# EXERCISE DETAILS
Could you restate the data below word for word, without its pictures?

Image-text web data
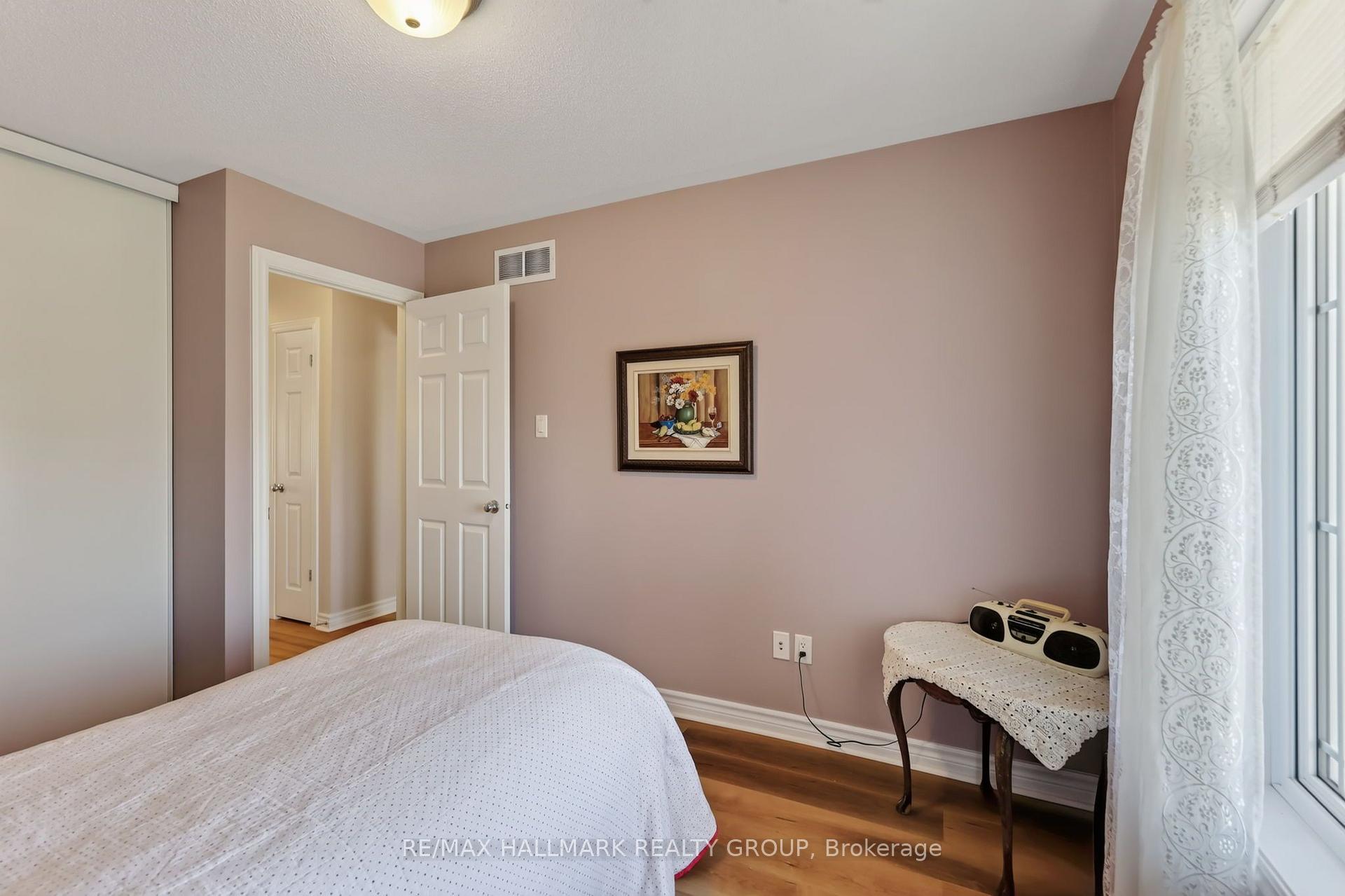 Photo 20 of 625 Glastonbury Walk, Ottawa, Avalon East — HOMEH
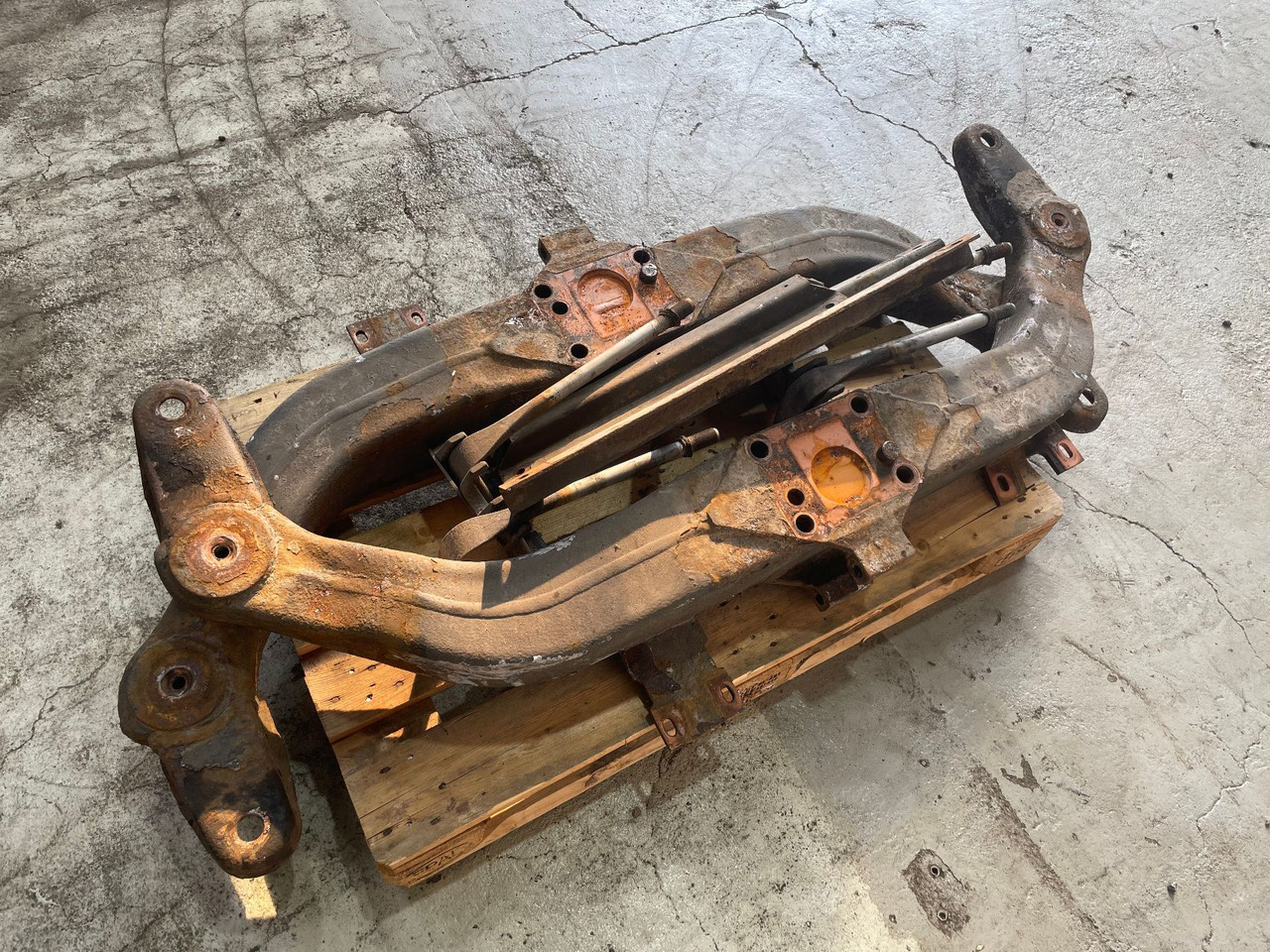 Mercedes-Benz Achsträger Hinterachse Citaro LE Setra A6283200075 A6293203675 - Essieu arrière pour Bus: photos 4 Mercedes-Benz Achsträger Hinterachse Citaro LE Setra A6283200075 A6293203675 - Essieu arrière pour Bus: photos 4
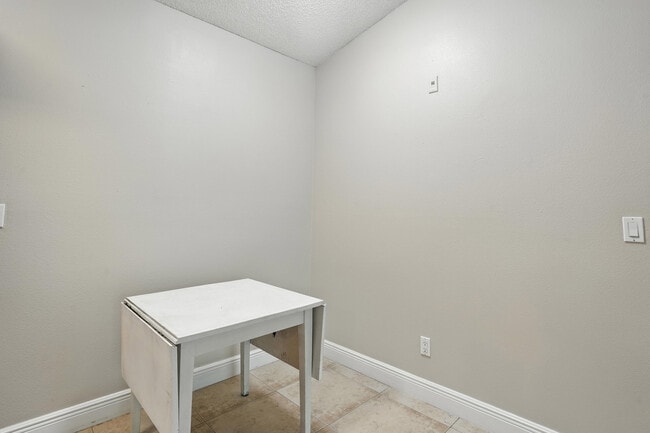 Building Photo - 2214 Arbour Walk Cir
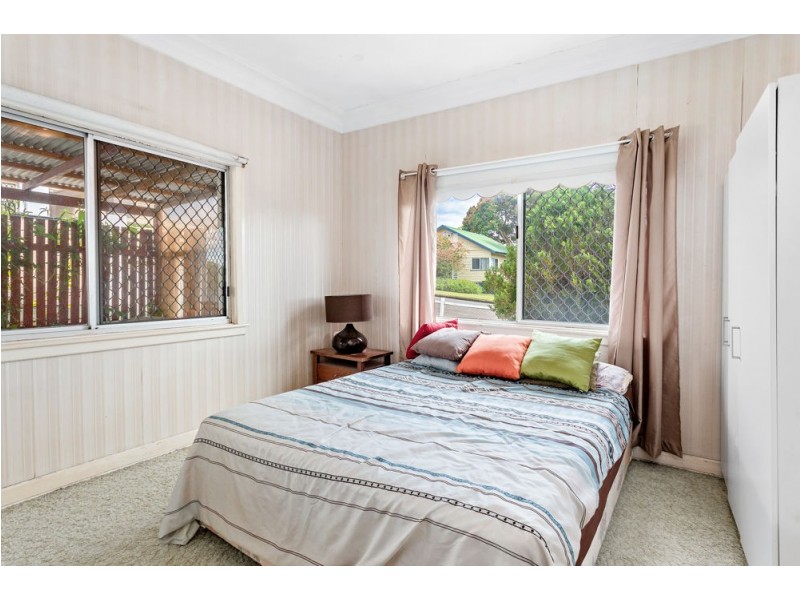 4 Winnam Street (Aka 78 Clifford Street), Stafford QLD 4053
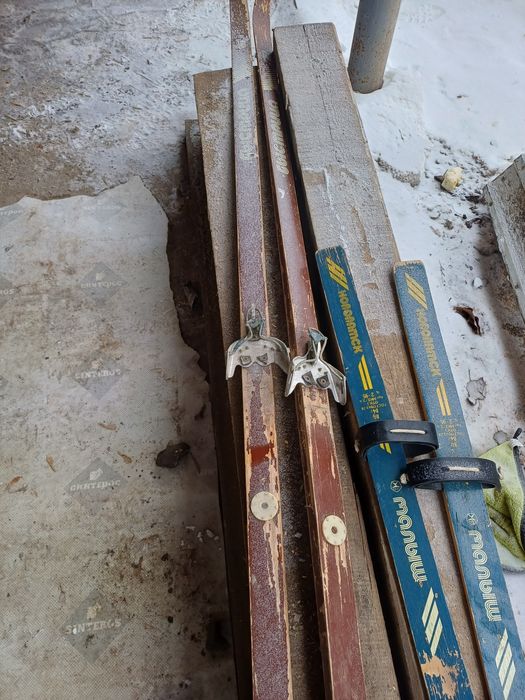 Продам лыжи, снегоход, коньки.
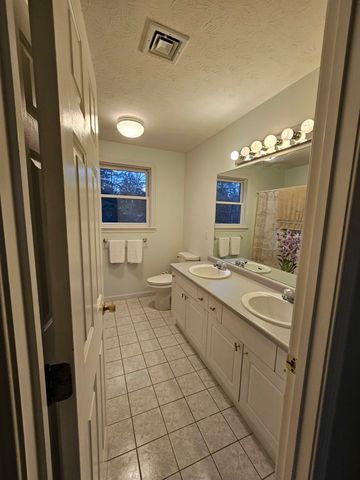 3 Pheasant Hollow, West Newbury, MA 01985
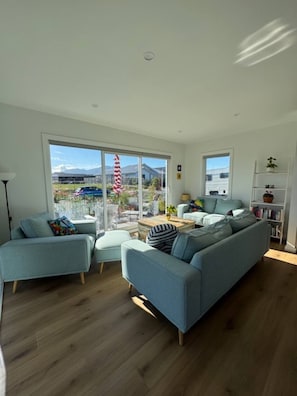 Smart TV, fireplace - Modern and cosy home Private, fully fenced (Unknown)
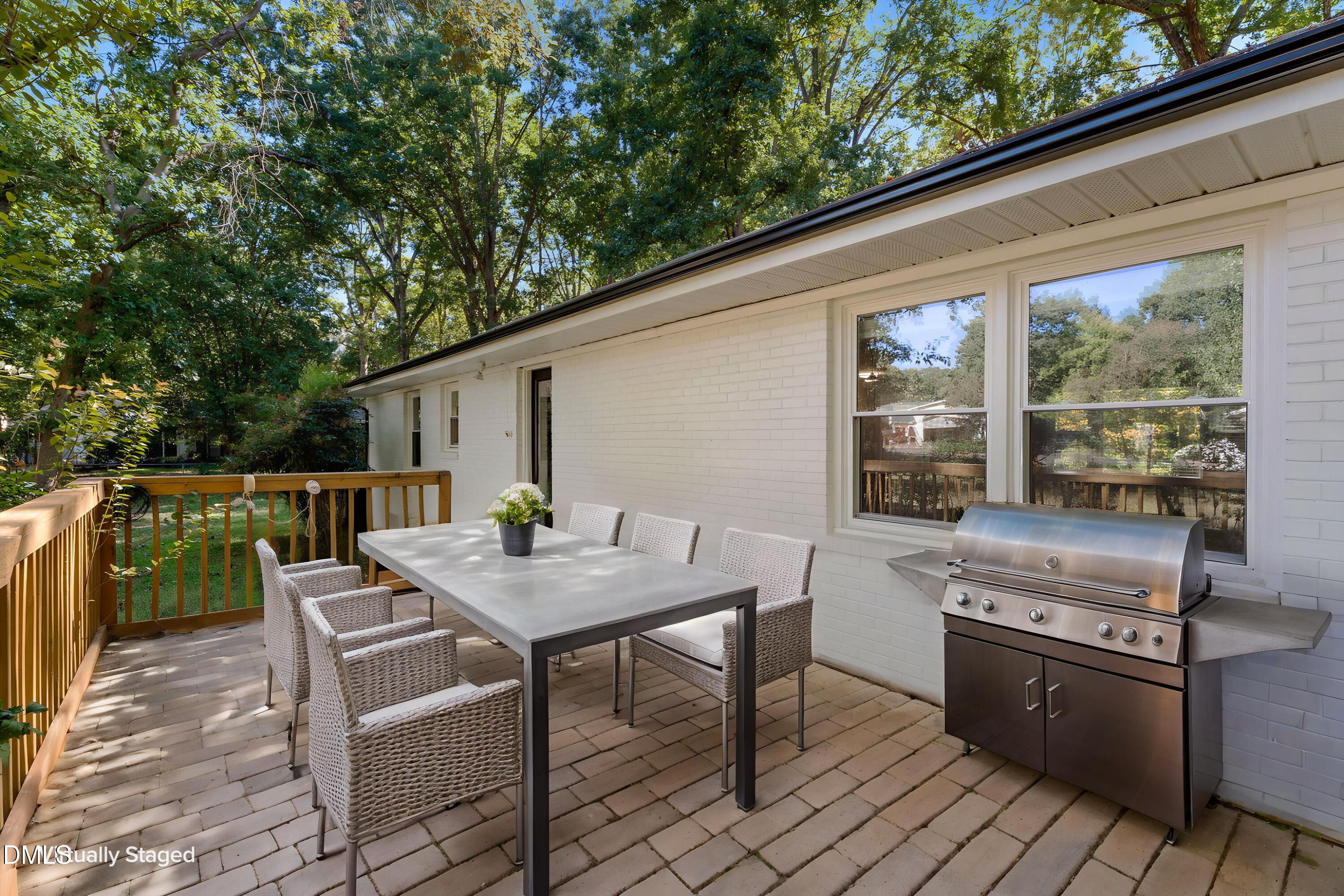 3009 Hickory Road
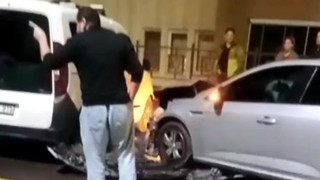 Aracıyla kaza yapan oğlunu dövmekten beter etti!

# ANSWER SECTION
 Photo 20 of 625 Glastonbury Walk, Ottawa, Avalon East — HOMEH
 Mercedes-Benz Achsträger Hinterachse Citaro LE Setra A6283200075 A6293203675 - Essieu arrière pour Bus: photos 4 Mercedes-Benz Achsträger Hinterachse Citaro LE Setra A6283200075 A6293203675 - Essieu arrière pour Bus: photos 4
 Building Photo - 2214 Arbour Walk Cir
 4 Winnam Street (Aka 78 Clifford Street), Stafford QLD 4053
 Продам лыжи, снегоход, коньки.
 3 Pheasant Hollow, West Newbury, MA 01985
 Smart TV, fireplace - Modern and cosy home Private, fully fenced (Unknown)
 3009 Hickory Road
 Aracıyla kaza yapan oğlunu dövmekten beter etti!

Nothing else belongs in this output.